Where a line below includes the word "View", copy that line.

Data listing:
------------------------

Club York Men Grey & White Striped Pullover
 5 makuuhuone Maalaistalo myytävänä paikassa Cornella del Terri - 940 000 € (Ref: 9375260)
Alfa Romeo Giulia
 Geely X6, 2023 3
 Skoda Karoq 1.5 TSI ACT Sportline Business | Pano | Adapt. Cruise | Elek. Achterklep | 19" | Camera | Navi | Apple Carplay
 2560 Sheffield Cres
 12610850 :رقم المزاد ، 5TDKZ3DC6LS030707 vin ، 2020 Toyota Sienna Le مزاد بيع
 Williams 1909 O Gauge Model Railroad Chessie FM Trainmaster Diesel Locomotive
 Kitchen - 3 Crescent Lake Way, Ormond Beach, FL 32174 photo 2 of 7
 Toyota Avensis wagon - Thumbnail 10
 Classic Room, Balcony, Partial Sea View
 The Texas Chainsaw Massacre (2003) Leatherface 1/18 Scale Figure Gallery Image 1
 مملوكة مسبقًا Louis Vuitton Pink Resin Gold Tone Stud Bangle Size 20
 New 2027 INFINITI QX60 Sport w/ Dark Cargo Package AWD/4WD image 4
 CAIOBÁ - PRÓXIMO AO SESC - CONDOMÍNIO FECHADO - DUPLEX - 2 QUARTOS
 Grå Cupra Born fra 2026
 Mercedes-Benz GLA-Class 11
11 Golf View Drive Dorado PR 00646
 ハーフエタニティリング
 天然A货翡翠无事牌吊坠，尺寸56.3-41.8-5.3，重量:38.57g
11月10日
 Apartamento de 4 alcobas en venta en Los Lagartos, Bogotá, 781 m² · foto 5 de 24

------------------------

Solved problem:
 Classic Room, Balcony, Partial Sea View
11 Golf View Drive Dorado PR 00646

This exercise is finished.